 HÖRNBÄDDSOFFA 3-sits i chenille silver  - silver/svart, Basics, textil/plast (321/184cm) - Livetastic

---

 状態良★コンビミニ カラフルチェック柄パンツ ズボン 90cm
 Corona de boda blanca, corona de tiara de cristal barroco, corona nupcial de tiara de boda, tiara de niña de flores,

## ACTIVITY
Working from the material above, restate word for word the lines between the line with "状態良★コンビミニ カラフルチェック柄パンツ ズボン 90cm" and the line with "Corona de boda", both included, and only those.

## EXPECTED OUTPUT
 状態良★コンビミニ カラフルチェック柄パンツ ズボン 90cm
 Corona de boda blanca, corona de tiara de cristal barroco, corona nupcial de tiara de boda, tiara de niña de flores,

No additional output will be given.